Love, Featherweight"

Blazemane and I talked about our friends most of the morning, the first flight lessons are this afternoon. This morning we're supposed to get to know our roommates, become friends. Blazemane is nice once you get past her intimidating outside. She said she thought it was "adorable" that I was so concerned for my coltfriend. She said she wishes she had a coltfriend, but that a lot of the ponies in her neighborhood are really stuck up and worried about knowing the right ponies or having all the most important awards. She said she hopes she's as good as her dad, but isn't going to tear her mane out if she's not perfect. She said "After all, the competitions are the best of the best," and that if she even makes it in she's "earned something special."

She said she thought it was interesting that I didn't have a cutie mark, but I made it to Flight Camp. She said she didn't see anypony else without a cutie mark. why did she have to remind me? And I'm not cute! I'm tough and cool, not cute!

So Diamond Tiara isn't the only pony in Equestria so full of herself. A pony named Thunderbolt thinks he's the coolest pony in Equestria. He said he's not here to learn, but to show the other ponies how amazing he is.

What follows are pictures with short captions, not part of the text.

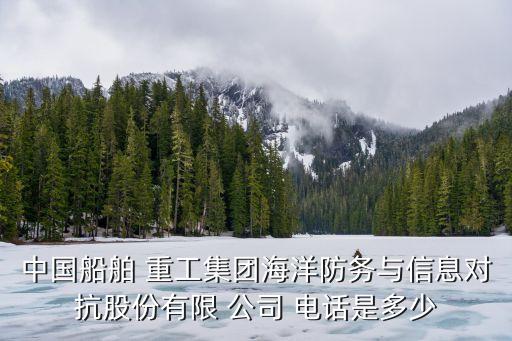 中國船舶 重工集團海洋防務與信息對抗股份有限 公司 電話是多少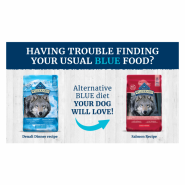 Blue Alternatives Shelf Talker Dog Wilderness Denali Dinner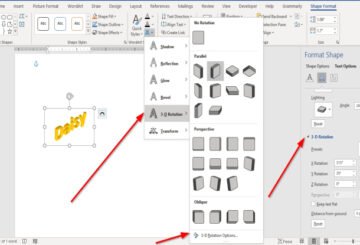 How to add Text Effects to WordArt in Office apps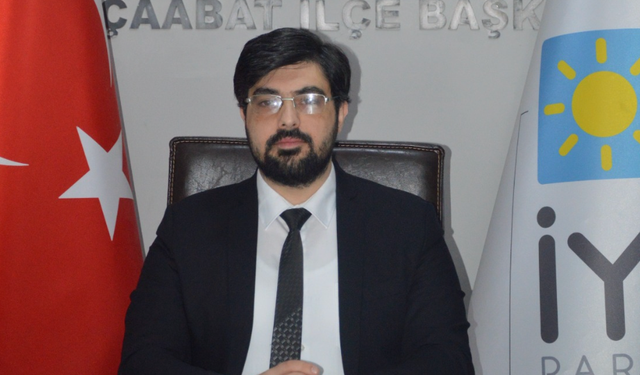 İYİ Parti Akçaabat'tan Türk Bayrağı hassasiyeti...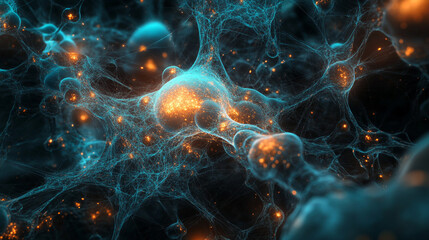 Poster - modern abstract network science connection technology line dot and graphic design. on hi tech future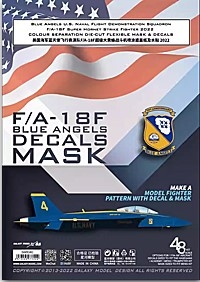 [사전 예약] D48040 1/48 F/A-18F Blue Angels U.S. Naval Flight Demonstration Squadron&Decals for Meng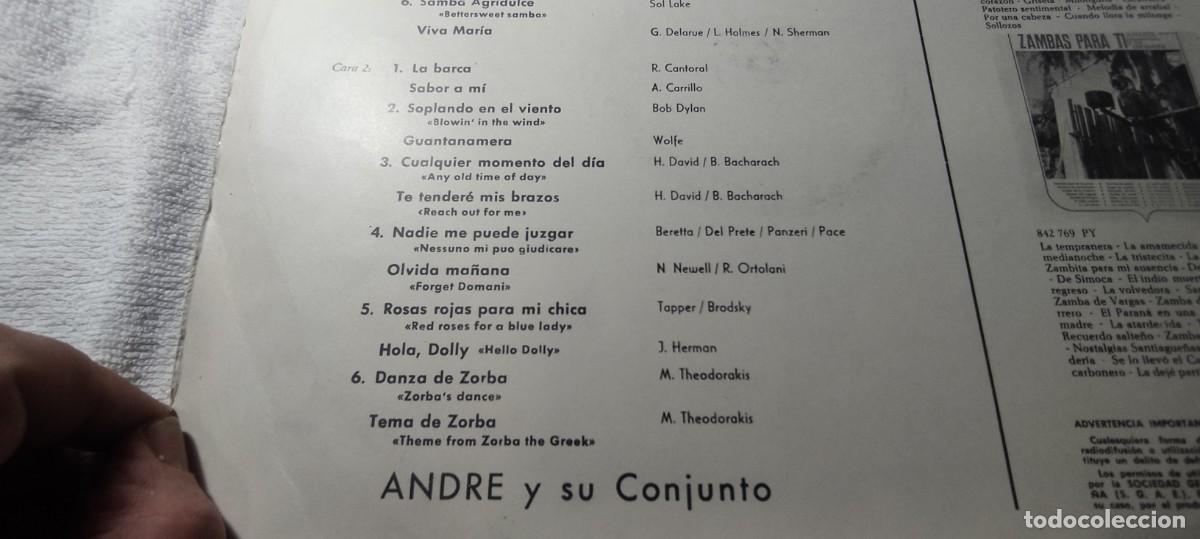 Discos de vinilo: ANDRE INTERNACIONAL / / / DESP 2-3 / PHILIPS - Foto 6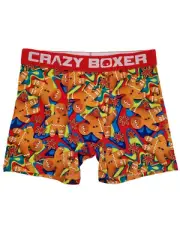 Mens Christmas Holiday Gingerbread Man Novelty Underwear Boxer Briefs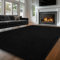Treeboy Teppich Wohnzimmer 240x300 Schwarz, Waschbarer Teppich Kinderzimmer Mädchen Junge Teppich Schlafzimmer Grau Carpet Teppiche Gegend Kurzflor Flauschig Rutschmatte Teppich Kinderzimmer
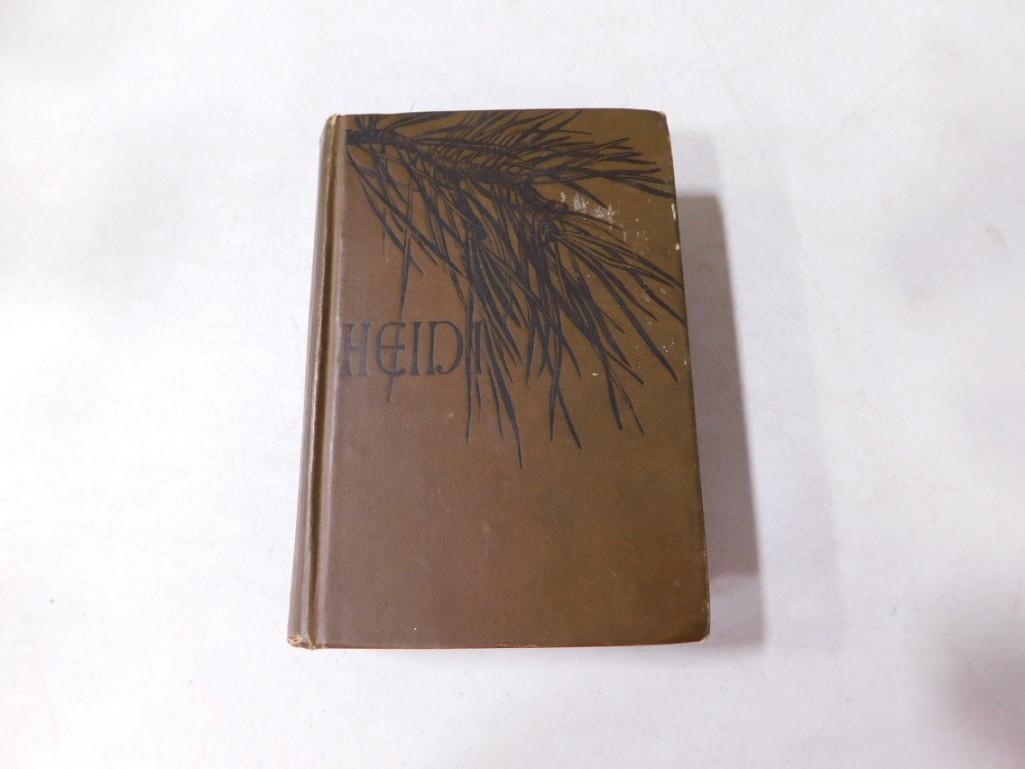 Louis Brooks Book Heidi - Translated from the German of Johanna Spyri: Louis Brooks Book Heidi - Translated from the German of Johanna Spyri - this may be a first edition from what we can see. Copyright 1884.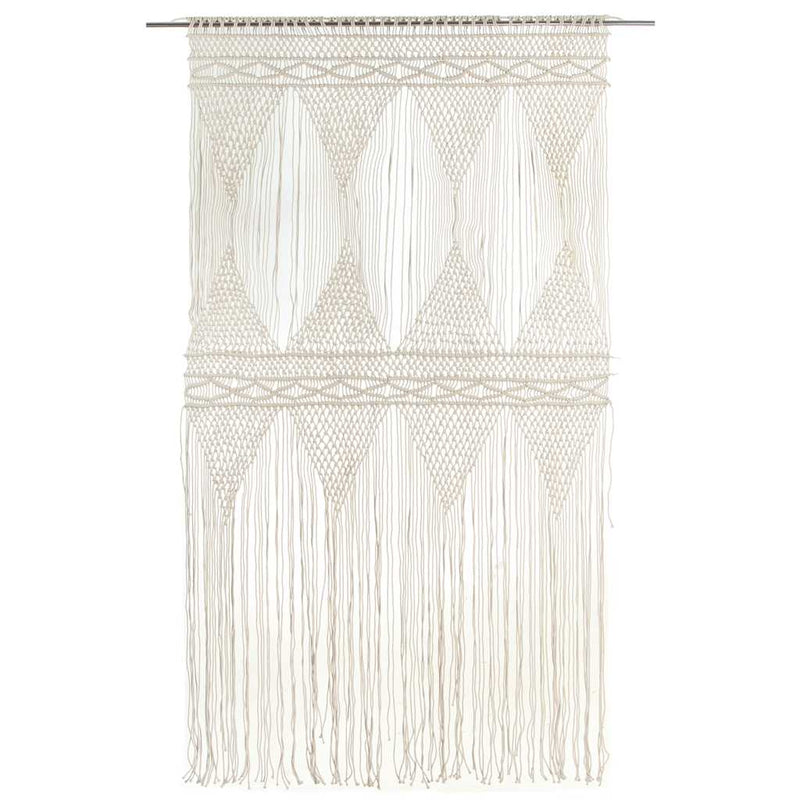 Load image into Gallery viewer, Vidaxl gordijn macramé 140x240 cm katoen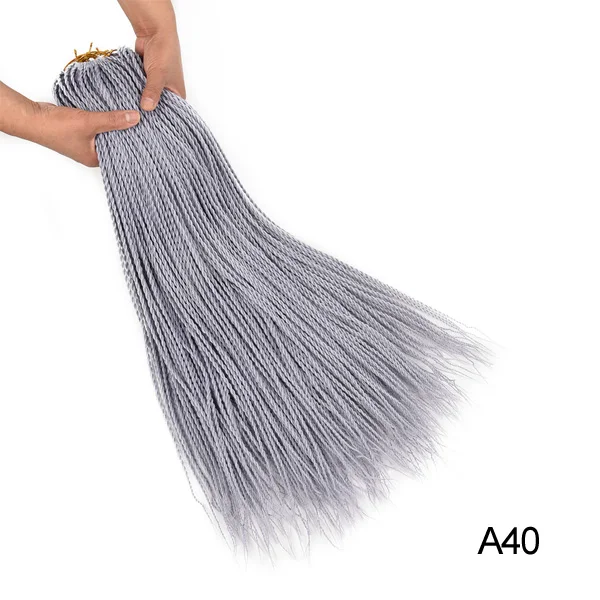 TOMO 24Inch 30Roots Small Crochet Braids Hair Senegalese Twist Ombre Synthetic Colored Braiding Hair Extensions Crochet Hair - Цвет: P1B/30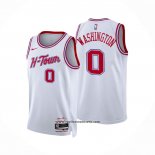 Camiseta Houston Rockets Tyty Washington #0 Ciudad 2023-24 Blanco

I learned my flight form is awful. I put my front hooves out in a way that slows me down, and my back hooves don't stay high enough in the air, causing drag. I also learned my wings are tilted back too much. This is going to be a rough couple of weeks... At least Miss Winter Winds is very patient and kind. She said if I practiced really hard this week, I'd have perfect form in no time, and that my form was definitely within my abilities to fix. She also taught me a way to exercise so I can keep my back legs higher in the air. She said a lot of ponies have trouble with their back legs.

Thunderbolt got perfect marks for form, Blazemane got perfect marks except her back legs were also too low. I guess I'll have somepony to practice with.

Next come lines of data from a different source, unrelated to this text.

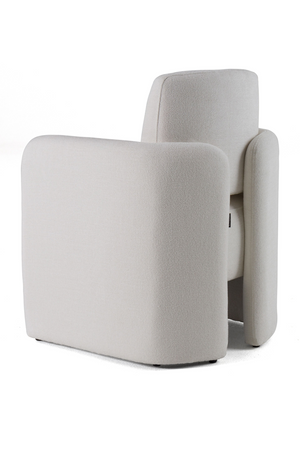   White Upholstered Dining Chair | Oroa.com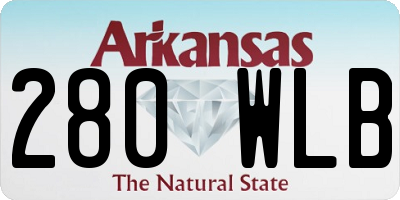 AR license plate 280WLB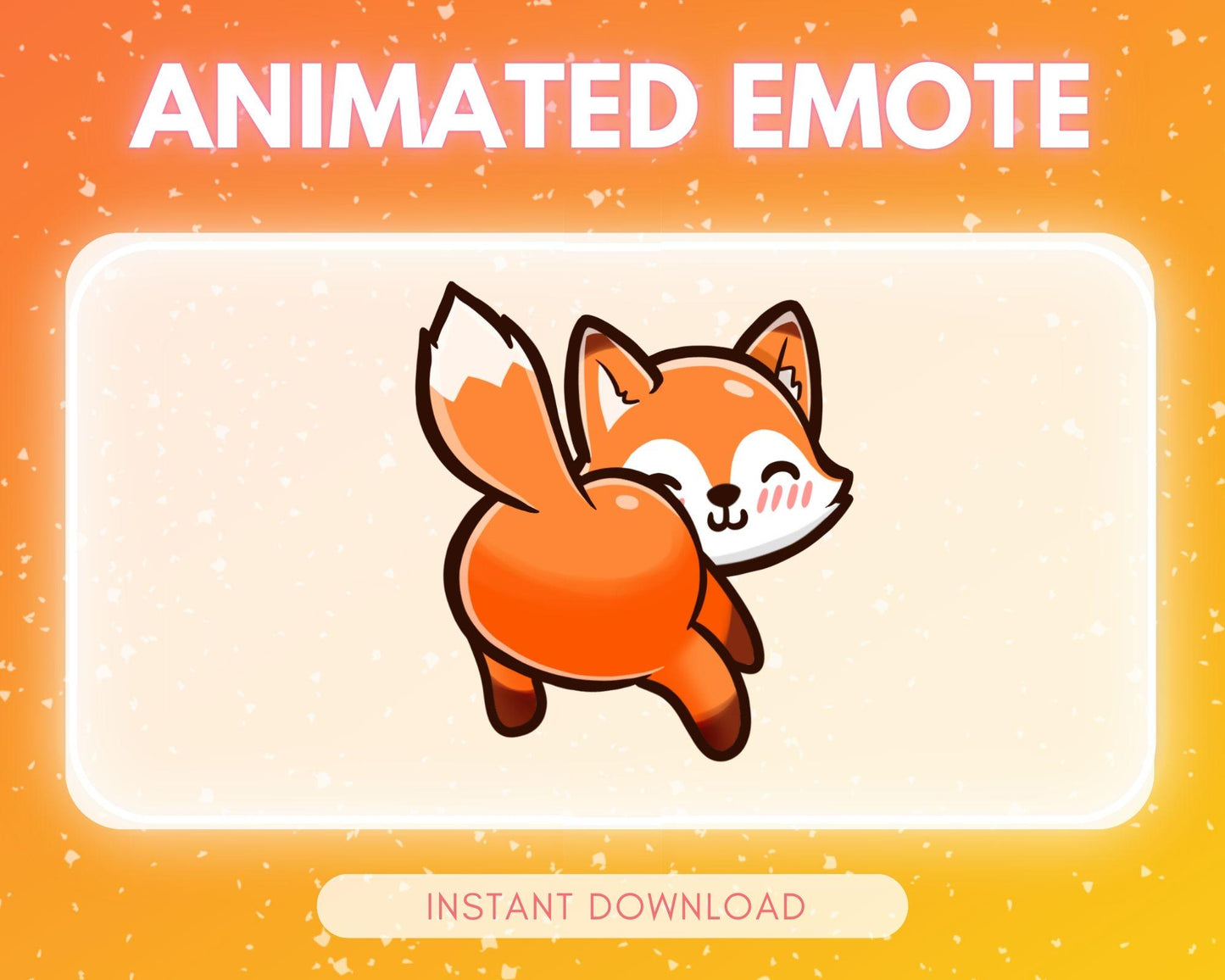 Adorable fox emote - twerking fox (perfect | Animated Emote for Twitch & Discord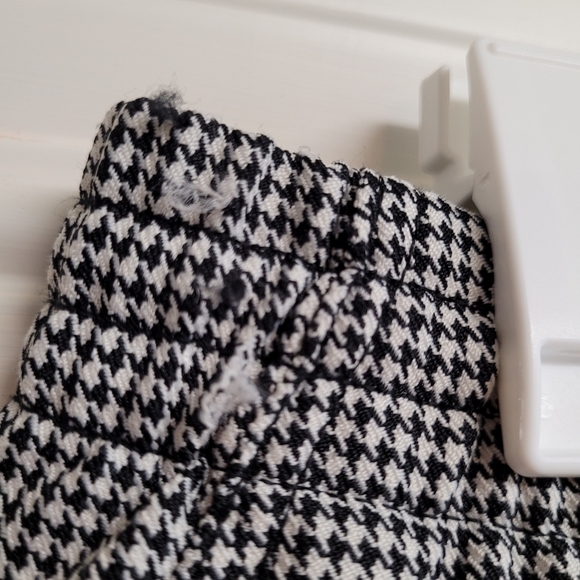 Urban Outfitters Misfit Mad Minds Black And White Houndstooth High Waisted Pants - Picture 12 of 13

I wrote Featherweight again. I told him I need to work on my form, and that my teacher is nice. I didn't tell him about Thunderbolt, because I don't want him to worry more. I told him I loved him, and that I'd be home soon.

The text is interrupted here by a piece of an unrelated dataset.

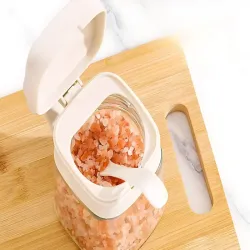 Pojemnik na przyprawy kuchenny z uchwytem szklany 300ml słoik łyżeczka-5907451381052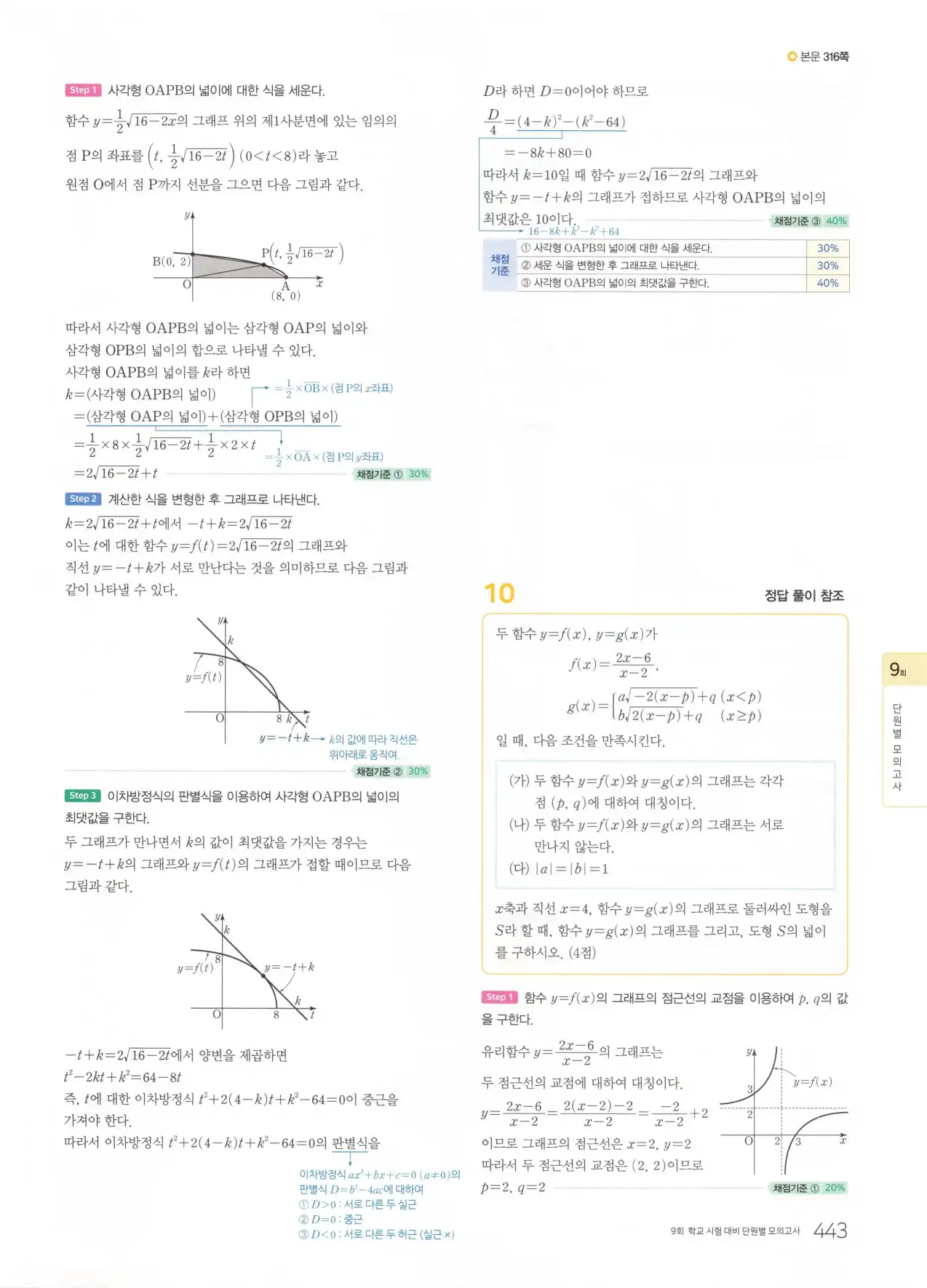 마더텅 고1 공통수학2 해설 445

Blazemane and I toured the Cloudsdale Weather Factory today after practice. She said she had always wanted to go, and I don't really have anypony else to talk to, so I went with her. It was really interesting. All those snowflakes are individually crafted. only the best of the best can get a job at the factory, and it takes years of training. I asked a couple of ponies if they knew Rainbow Dash, and they asked how I knew her, they were really surprised when I said I was her daughter. I didn't think to explain she adopted me. I'm not sure I would have wanted to mention it, since I was with Blazemane.

We had another practice this evening, we played stormball, it's a lot like hoofball, except everypony flies, and there's rules, of course, for where and how you can fly. Miss Winter Winds said it helps with agility and attention to surroundings. She said both are absolutely important when it comes to being a professional flier. Hoofball is definitely not my game. If I hear one more word from Thunderbolt about how bad I am at stormball, I think there may be trouble...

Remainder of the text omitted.